The audience is constantly drawn to the fact that it’s a movie being watched and not reality. What makes a great movie, especially one of this kind; historic, is the enactment of reality and drawing the audience into the world being narrated. There are obvious elements that cannot be faulted in this production: cinematography, costume, setting, sound, music, and acting, and with a few considerations, casting can be included.
It would have been expected that the Ndongo indigenous language be explored because, at the time when this history is being made, the English language had not eroded or pervaded the social system of the Ndongo people, especially to the extent that it is the sole language of the royal house; thus, the sole use of the English language, not even Portuguese or a mixture of Portuguese and Ndongo undermines the role of language as historic element. The present day Angola has its official language as Portuguese. This calls into question the reality that has been presented as regards language.
Speaking of questionable representations of reality, there is a level of inconsistency in the appraisal of military power and prowess when checked with the facts presented. The battlefronts look more like skirmishes, with few soldiers on both sides, though it is believed to be a war.

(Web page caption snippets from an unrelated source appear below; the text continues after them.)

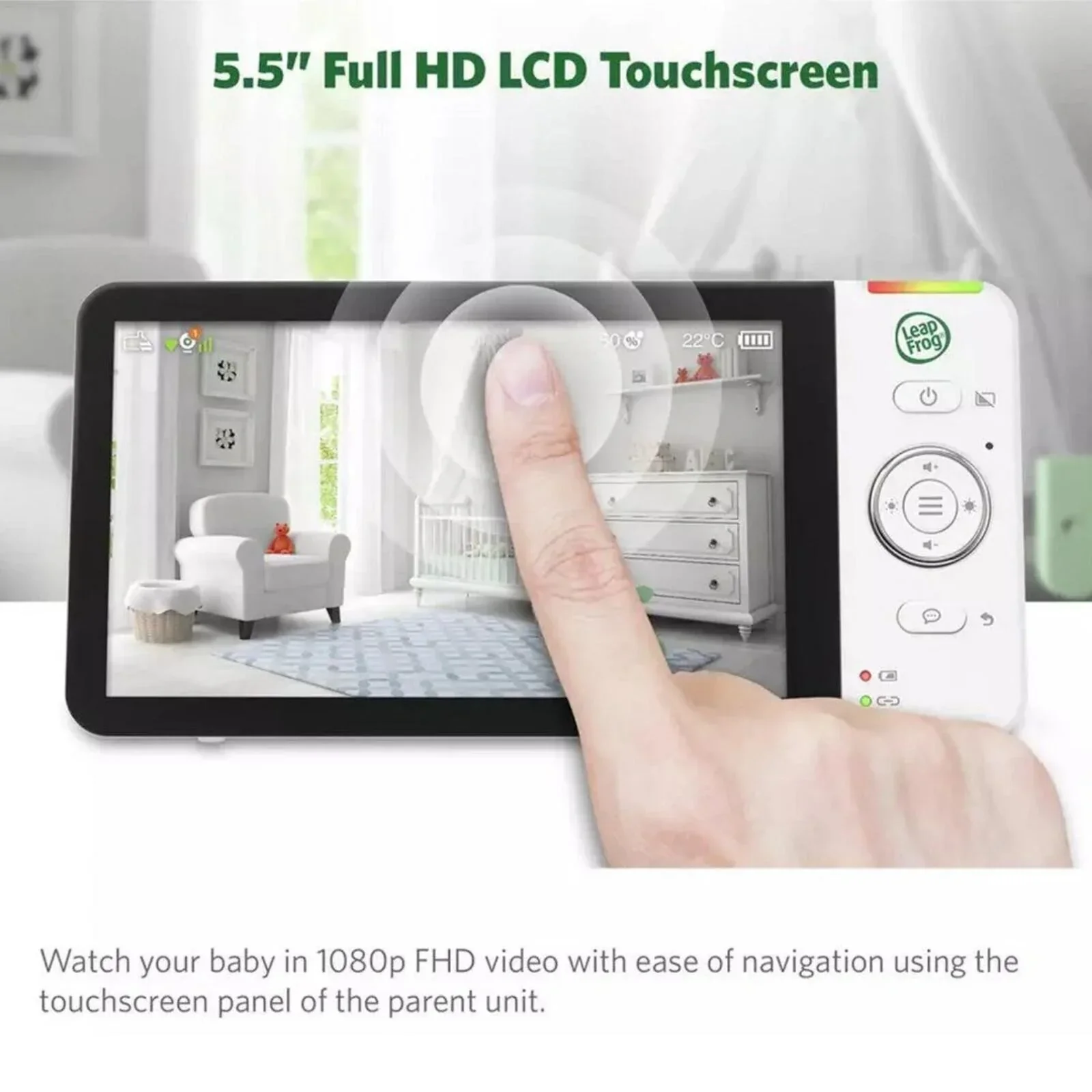 LeapFrog LF2936FHD Touch Screen Wi-Fi Smart Baby Monitor 5.5" 1080p Full HD Colour Display - Image 11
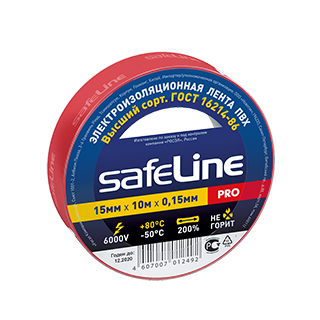 Изолента ПВХ SAFELINE 19мм/25м красная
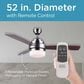Black+Decker 52" 3-Blade Standard Ceiling Fan with Light and Remote Control in Brushed Nickle and Mahogany, , large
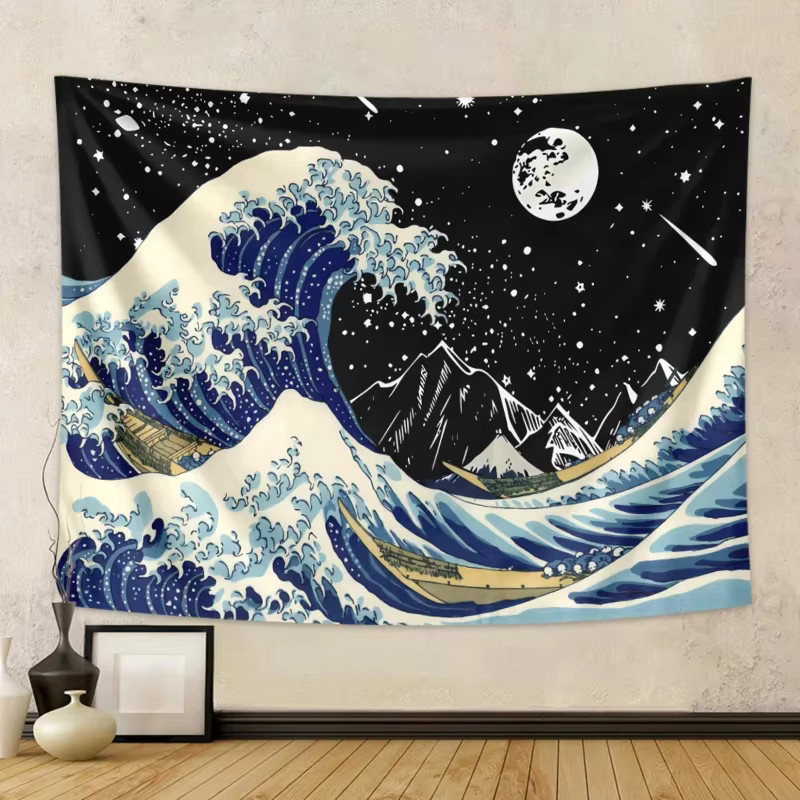 VIKAMA Kanagawa Suruga-Ichi Wandteppich im Ukiyo-e Stil mit japanischen Wellen, blaue Wanddekoration aus Textil - Bild 3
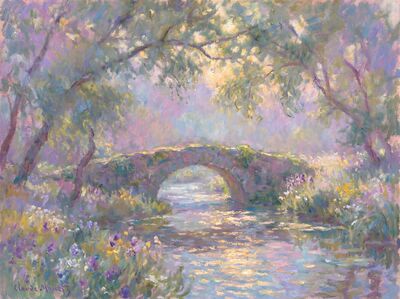 Bridge Over Stream Canvas Wall Art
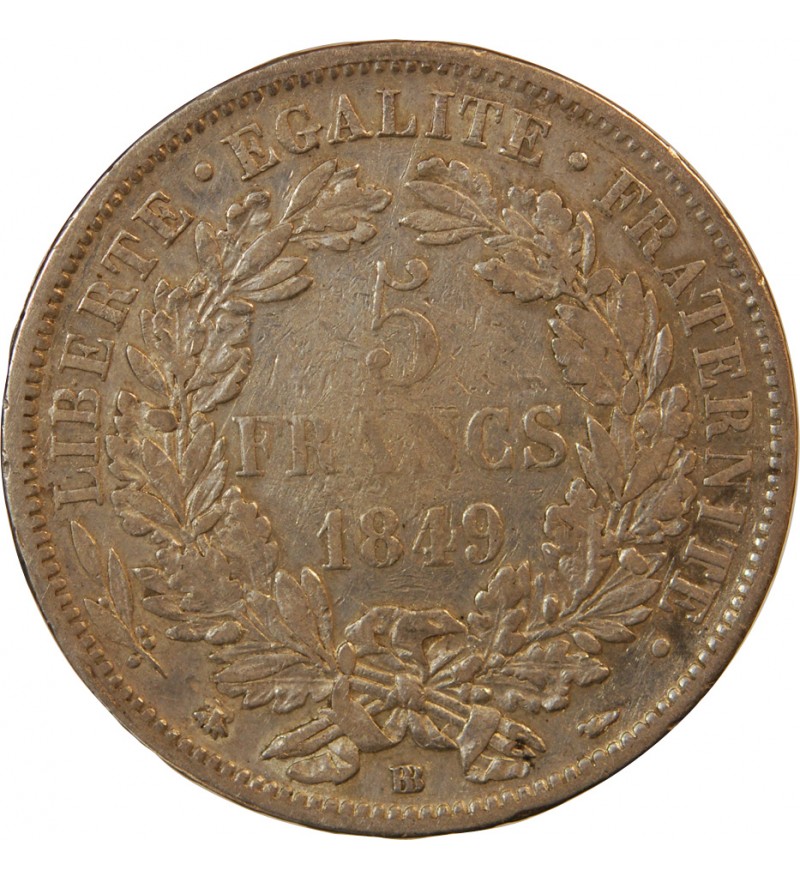CERES - 5 FRANCS ARGENT 1849 BB STRASBOURG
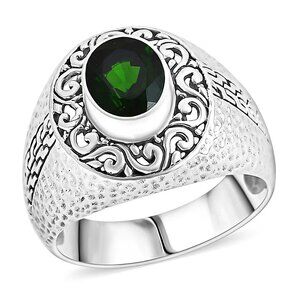 NEW Chrome Diopside Hammer with Tulang Naga Texture Ring in Sterling Silver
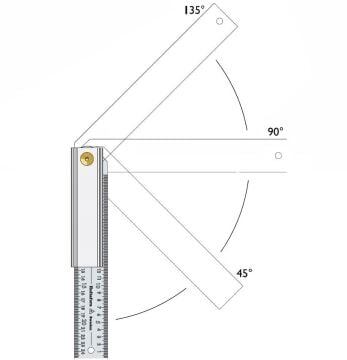 Hultafors QUATTRO25 Ayarlı Üç Açılı Çelik Gönye 250 mm 253103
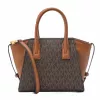 Michael Kors Jet Set Charm oválna crossbody taška hnedá Signature Coated Canvas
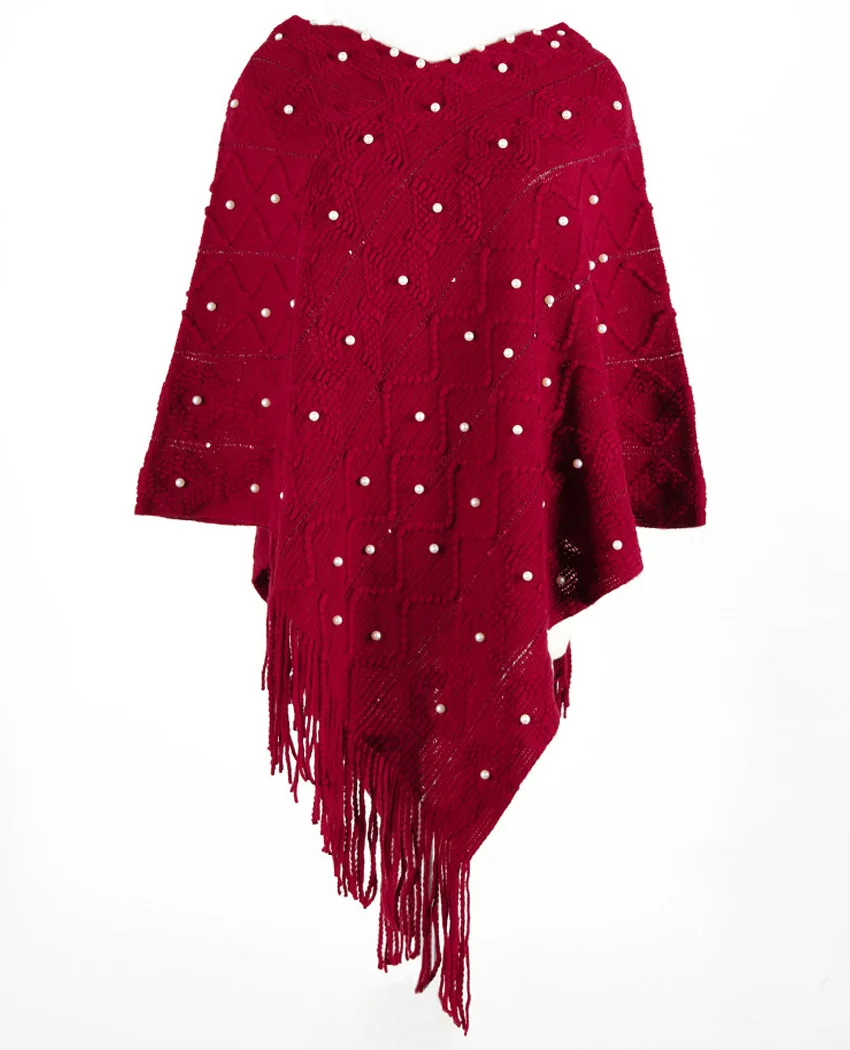 Jessie Vinson V-neck White Beading Tassels Pullover Sweater Women Casual Cape Sweater Coat Cloak Autumn Winter High Street Wear - Цвет: Red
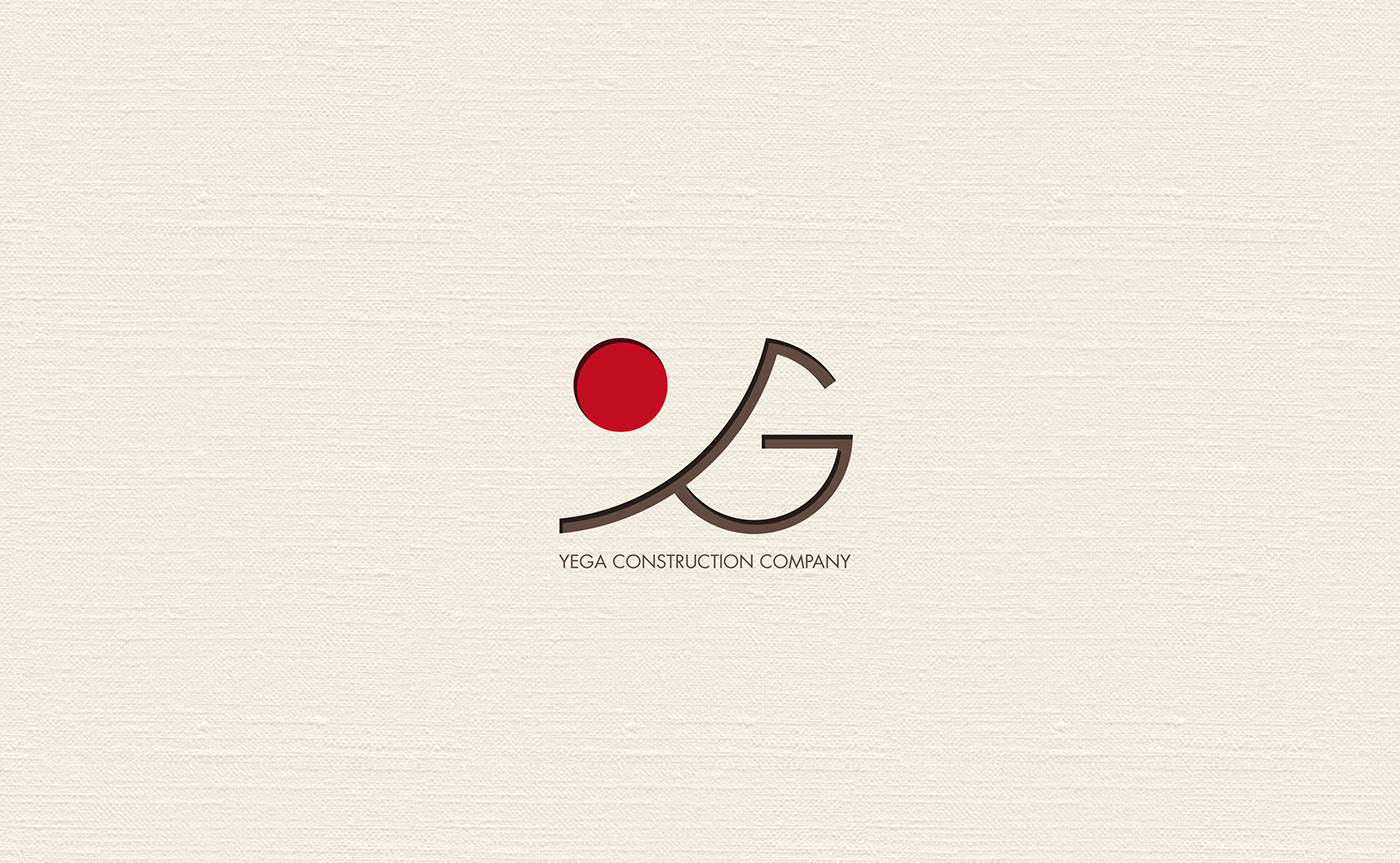 YEGA Construction Company logo and brand identity design by Andrew Son.
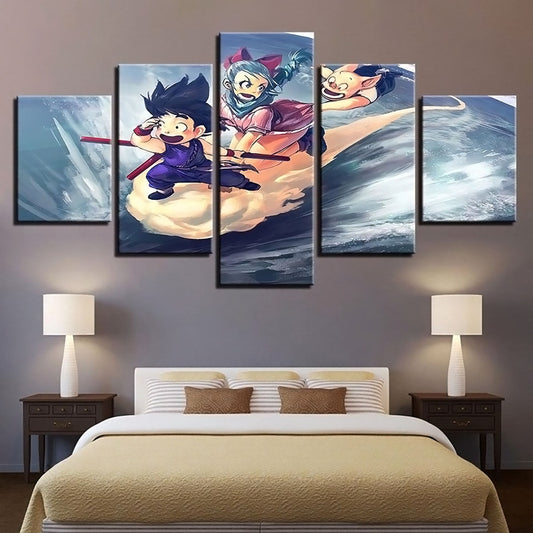 Dragon Ball - 5 Pieces Wall Art - Goku - Bulma - Printed Wall Pictures Home Decor - Dragon Ball Poster - Dragon Ball Canvas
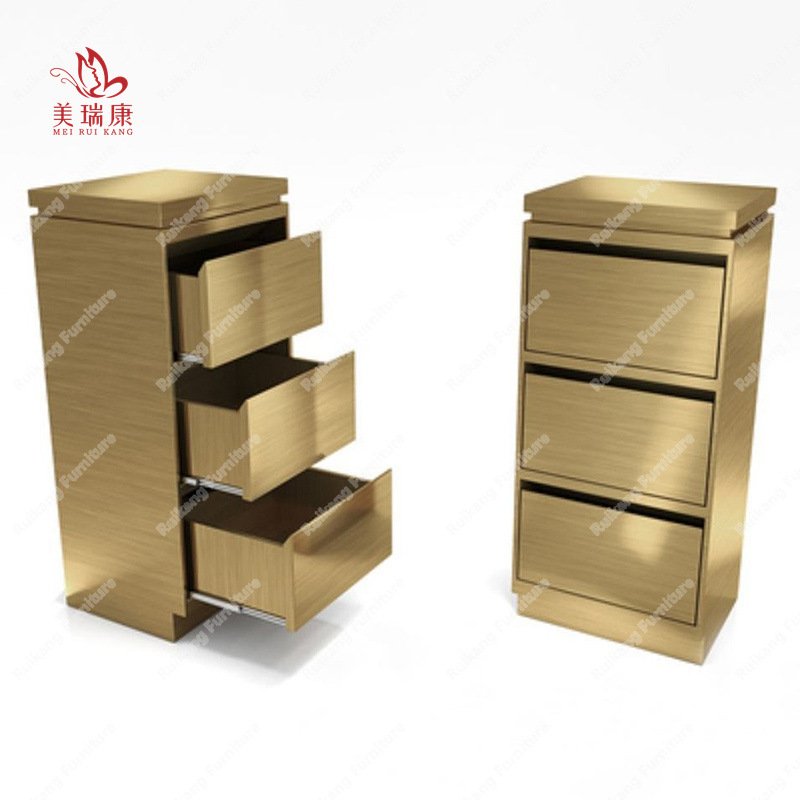 3 Tiers Luxury Makeup Saloon Equipment Gold Silver Stainless Steel Spa Nail Case Cart Hair Hairdressing Beauty Salon Trolley
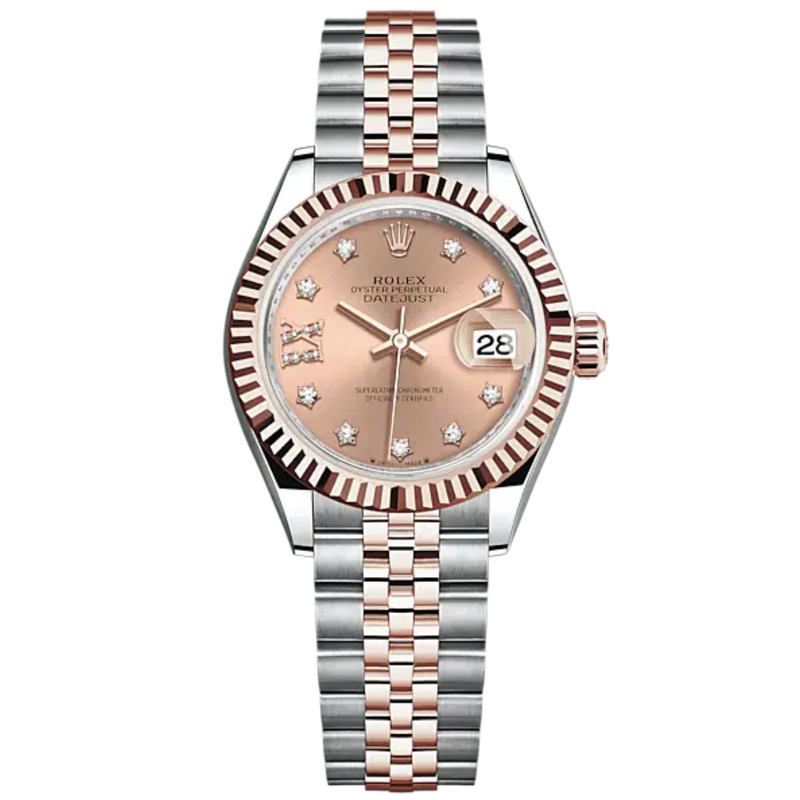 Lady-DateJust 28mm Oystersteel Jubilee Bracelet and Everose Gold with Rosé-Colour Dial Diamond-Set Dial Fluted Bezel - Rolex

There is no real show of power and strength other than the magnitude of its portrayal by historians. This, in any case, does not put into effect the military might as accounted for by historians and academicians in the documentary. Furthermore, in comparison to other African stories such as Black Panther: Wakanda Forever and The Woman King, Njinga’s military prowess is under-represented.
Njinga always looks fresh and well-made up after major battles, which helps to debunk reality. Njinga appears to have retained her vigor and youthfulness from 1617, when she already had a child and claimed to be older than Imbangala’s Kasa, until the late 1650s. Same with her sister, Kambu. The last episode added gray to their hair, definitely not enough to show a forty-year decline in strength. Njinga has maintained the same hairstyle for decades. Also, following Njinga’s marriage to Kasanje, his notoriety vanished, with no mention of how their relationship progressed or ended.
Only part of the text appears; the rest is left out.